La Peur géante est le quatrième roman de l'auteur français Stefan Wul, et le troisième à paraître aux Éditions « Fleuve Noir » en 1957. Le récit, divisé en vingt chapitres, se distingue du reste de la production de l'auteur en situant son action sur la planète Terre dans un avenir en parfaite continuité avec le monde de 1957. Dans La Peur géante, pas de planètes lointaines, pas de mondes extra-terrestres, pas d'apocalypse, c'est de l'homme terrestre et de sa survie qu'il est question.
Comme dans Oms en série ou Niourk, Stefan Wul prête à ses personnages des propos sans ambiguïté sur les causes du déclin des civilisations : l'affaiblissement des Hommes dû à un trop grand confort technologique. L'attaque des Torpèdes est par conséquent présentée comme l'occasion de réveiller les forces vives de l'humanité contrainte de faire preuve de pugnacité et de sortir de la relative torpeur induite par un monde techniquement assisté.
Le propos de Stefan Wul dans ce roman n'est à aucun moment écologique. Si les causes de la révolte du peuple marin des Torpèdes sont clairement énoncées par les personnages du récit (surexploitation des mers et réduction de l'espace vital des espèces marines par assèchements successifs des océans), la solution envisagée est défensive et sans réflexion sur l'équilibre écologique de la planète, un thème qui ne fera son apparition que quelques décennies plus tard.
Pour régler le problème posé par les dangereux Torpèdes, l'auteur s'est sans doute souvenu de la solution bactériologique proposée par H. G. Wells dans La Guerre des mondes.
Les Torpèdes, quoique dotés d'une civilisation très avancée (capacité à modifier les caractéristiques fondamentales de l'eau, soucoupes volantes, agriculture sous-marine, musées), ne sont traités que comme des horreurs, qu'on a soin de retransformer en poissons stupides, tout en essayant de récupérer leur techniques et leur science. Comme dans La Guerre des mondes, il n'est pas question de dialogue des civilisations.
L'œuvre de science-fiction de Stefan Wul traite bien souvent du thème de la colonisation. Dans La Peur géante, le contexte historique de la colonisation française du Maghreb élargi est intégré au roman et développé spéculativement en une grande nation unifiée et autonome, « l'Afrance ». Cette vision d'une France coloniale unifiée et largement développée s'oppose à une réalité historique qui voit, par exemple en Algérie dès 1954, des mouvements de guérillas revendiquer l'indépendance.

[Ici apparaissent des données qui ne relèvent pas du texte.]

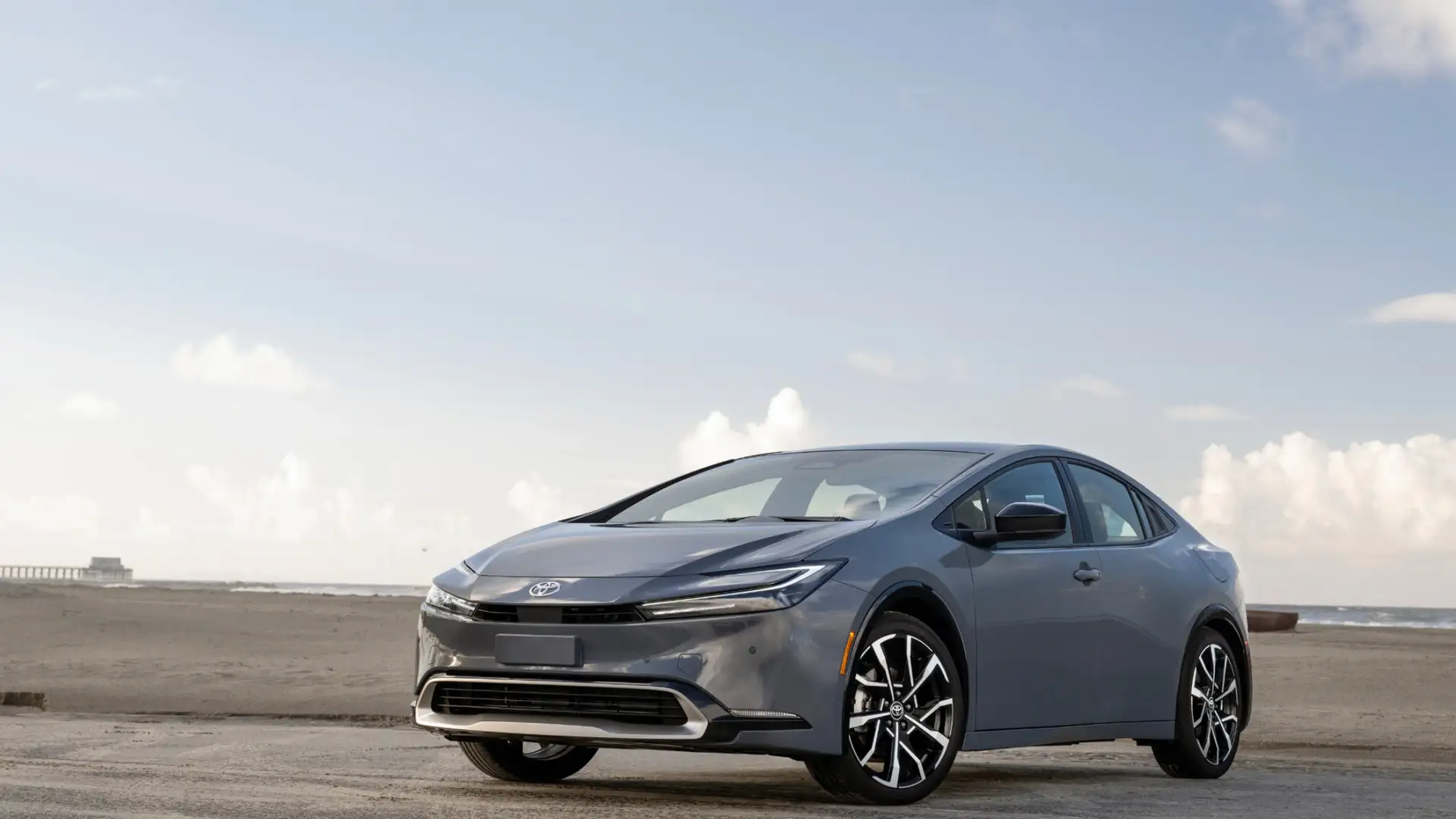 2026 Toyota Prius plug-in hybrid sedan in gray with silver alloy wheels parked on coastal beach with ocean and pier in background in Hagerstown MD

La vision romanesque d'un territoire fictif nommé « Afrance » avait déjà été anticipée, mais de manière très allusive, dans le roman de Stefan Wul paru juste avant, cette même année 1957 : Rayons pour Sidar. En effet, le héros de cet autre roman, Lorrain 1613 A.C., est présenté sans plus d'explications comme un « Afrançais ».

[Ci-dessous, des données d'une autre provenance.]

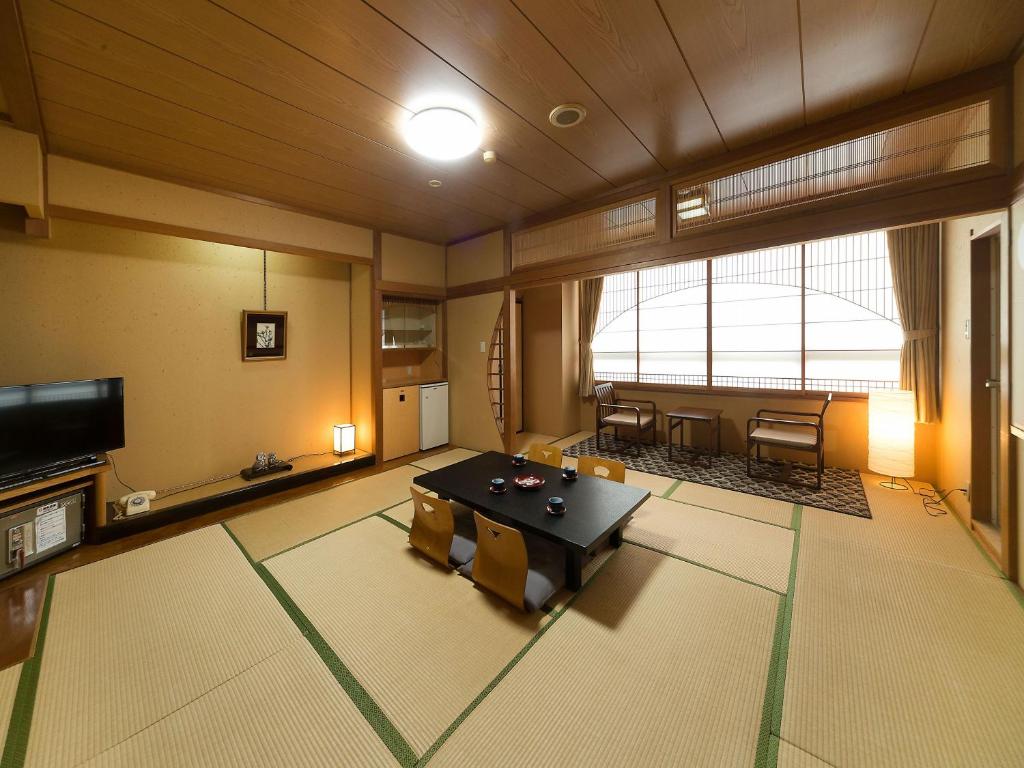 d'un salon avec une table. dans l'établissement Awara Onsen hot spring Koubou Gurabaatei, à Awara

Il n'en reste pas moins que lors de leurs compétitions amicales, le héros Bruno, "géant blond" et ingénieur, donne toujours un peu d'avance à son ami noir Pol, journaliste. Les Torpèdes ne s'y trompent pas, car l'unique humain femelle de leur zoo est "une très belle femme blonde", qui heureusement meurt pendant son sauvetage, évitant un choix douloureux au héros qui revient à sa fiancée chinoise, également journaliste.
La hiérarchie sociale esquissée est la suivante : savant > patron - gérant - ingénieur - officier - médecin > journaliste > chauffeur de taxi - domestique - contrôleur de bus - garçon de bain.